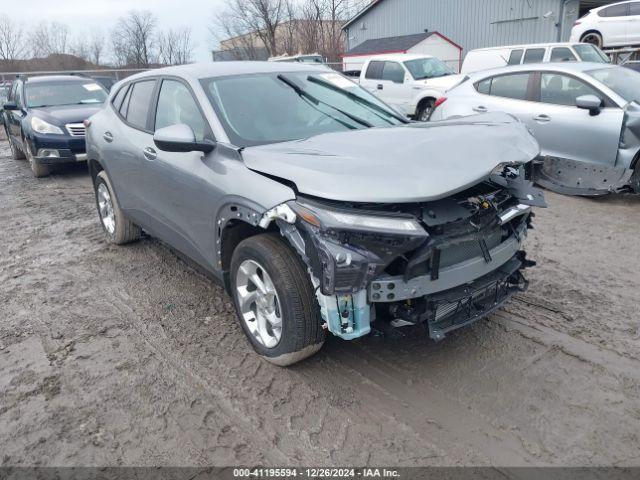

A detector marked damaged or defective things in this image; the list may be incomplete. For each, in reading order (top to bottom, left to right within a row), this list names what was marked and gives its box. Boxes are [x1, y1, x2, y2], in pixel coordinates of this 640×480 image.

crumpled hood [30, 103, 104, 125]
damaged gray suv [85, 62, 544, 366]
crumpled hood [242, 112, 536, 202]
crushed front end [264, 165, 544, 342]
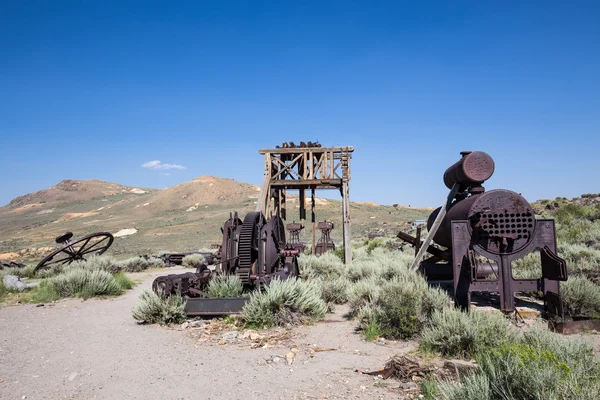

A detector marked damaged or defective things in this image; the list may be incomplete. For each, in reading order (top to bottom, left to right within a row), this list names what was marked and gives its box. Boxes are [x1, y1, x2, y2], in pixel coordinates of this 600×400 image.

oxidized iron [34, 230, 114, 274]
rusty mining equipment [150, 211, 300, 314]
rusty mining equipment [316, 220, 336, 255]
oxidized iron [316, 220, 336, 255]
rusty mining equipment [398, 151, 568, 316]
oxidized iron [398, 151, 568, 316]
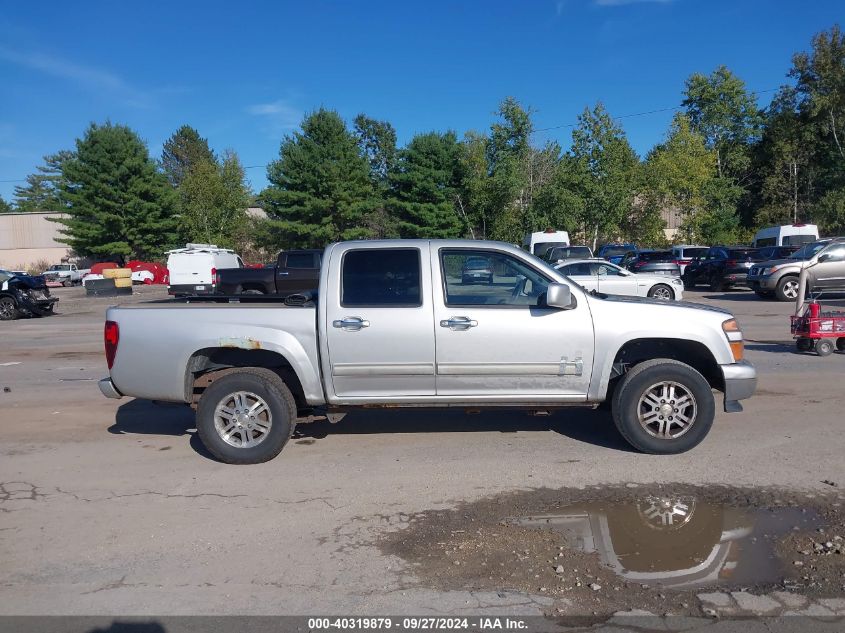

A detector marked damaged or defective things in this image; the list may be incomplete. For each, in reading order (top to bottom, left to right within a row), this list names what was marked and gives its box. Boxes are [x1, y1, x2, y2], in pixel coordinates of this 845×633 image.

cracked asphalt [0, 286, 840, 612]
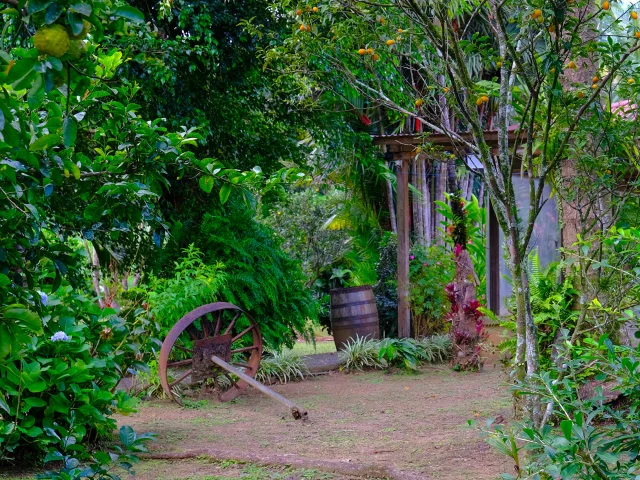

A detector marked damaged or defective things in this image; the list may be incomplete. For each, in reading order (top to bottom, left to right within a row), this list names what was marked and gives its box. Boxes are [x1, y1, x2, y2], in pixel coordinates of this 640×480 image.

rusty wagon wheel [159, 302, 262, 404]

## Exercise aim:
The copy should start at the line that contains "this 600×400 image.", end at the last line of the entries above, and match each line exactly, with pictures dropped.

## Task solution:
A detector marked damaged or defective things in this image; the list may be incomplete. For each, in reading order (top to bottom, left to right within a row), this list names what was marked and gives its box. Boxes are [x1, y1, x2, y2], in pixel coordinates of this 600×400 image.

oxidized iron [34, 230, 114, 274]
rusty mining equipment [150, 211, 300, 314]
rusty mining equipment [316, 220, 336, 255]
oxidized iron [316, 220, 336, 255]
rusty mining equipment [398, 151, 568, 316]
oxidized iron [398, 151, 568, 316]

A detector marked damaged or defective things in this image; the list may be incomplete. For each, in reading order (top to bottom, left to right within a row), this list names what was marked and gives its box. Boxes are [x1, y1, x2, y2], in pixel coordinates of this 845×633 image.

cracked asphalt [0, 286, 840, 612]

A detector marked damaged or defective things in this image; the list may be incomplete. For each, in reading order (top to bottom, left to right within a row), this list names what was marked and gives its box. Boxes are [x1, y1, x2, y2], in pixel coordinates of this 640×480 image.

rusty wagon wheel [159, 302, 262, 404]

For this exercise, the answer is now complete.